TASK DETAILS:
After locating the line that holds "Страдание святой мученицы Татьяны", repeat it and each following line exactly until the material ends, skipping pictures.

SUPPLIED INFORMATION:
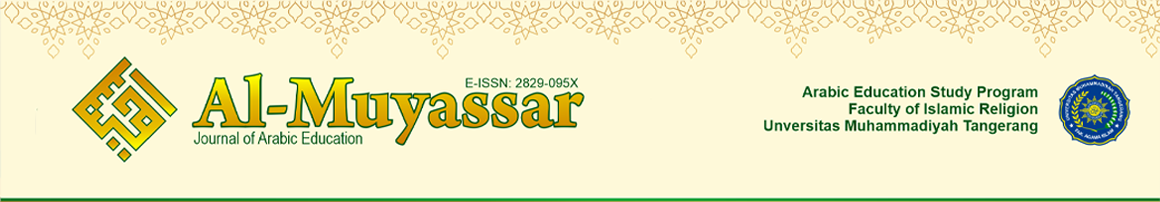 Al-Muyassar: Journal of Arabic Education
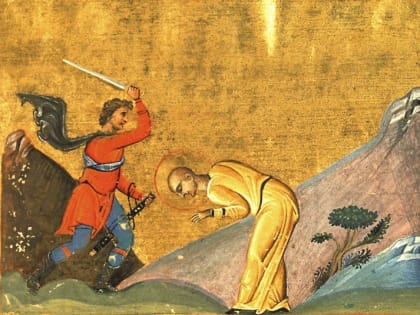 Страдание святой мученицы Татьяны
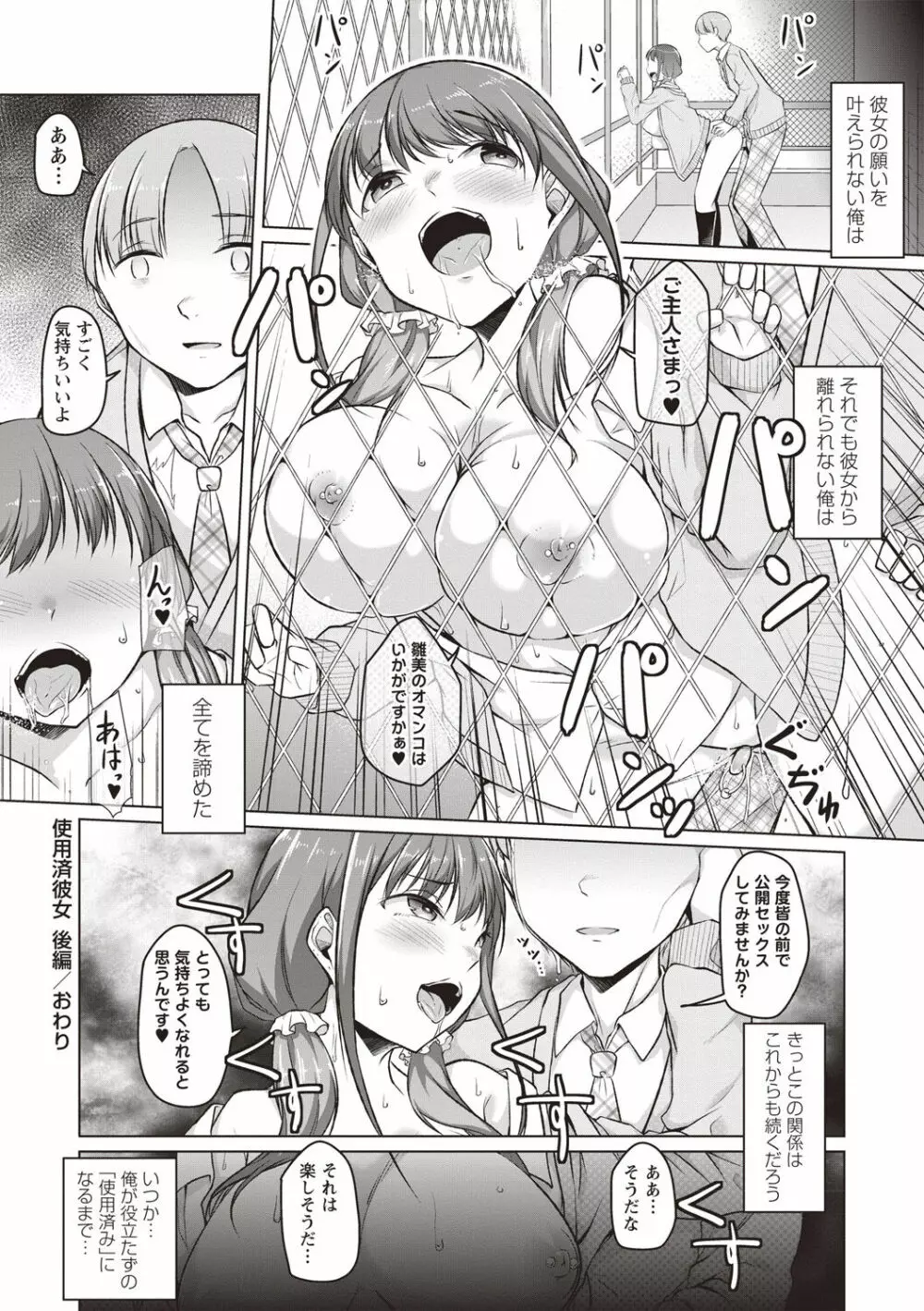純情痴女びっち Page.109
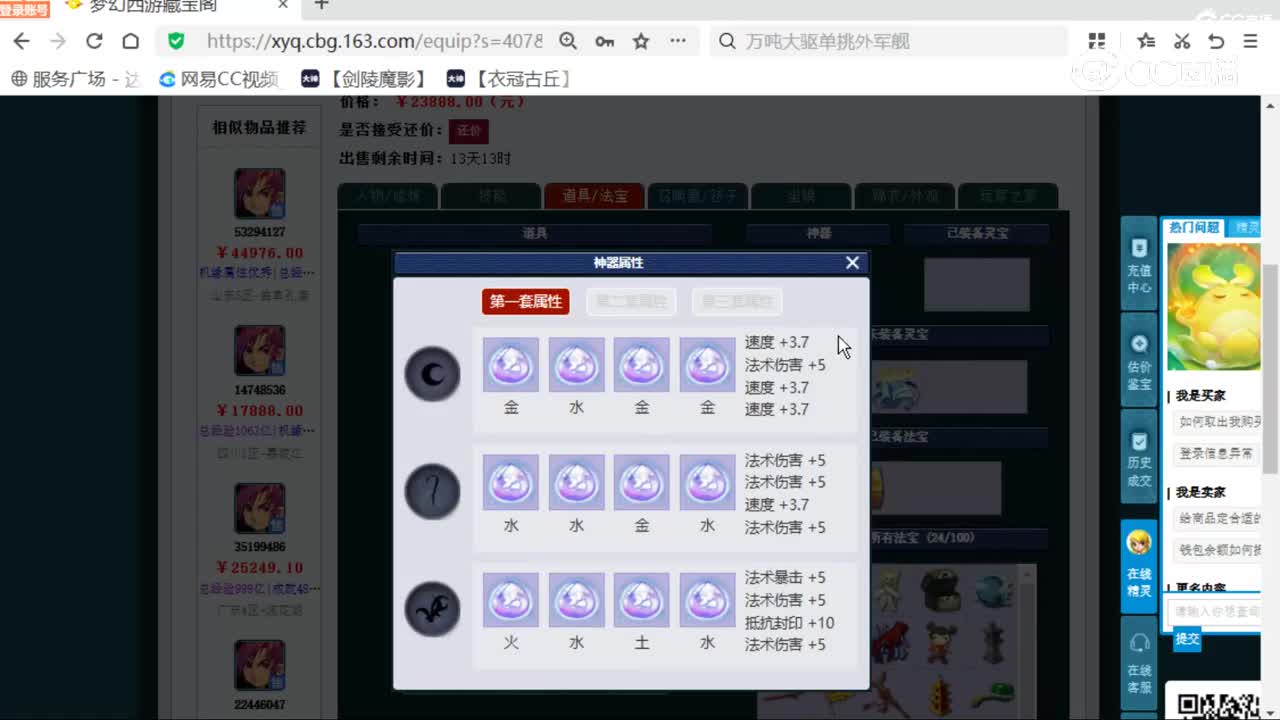 cc_capture_20260201094248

FINISHED EXERCISE:
 Страдание святой мученицы Татьяны
純情痴女びっち Page.109
 cc_capture_20260201094248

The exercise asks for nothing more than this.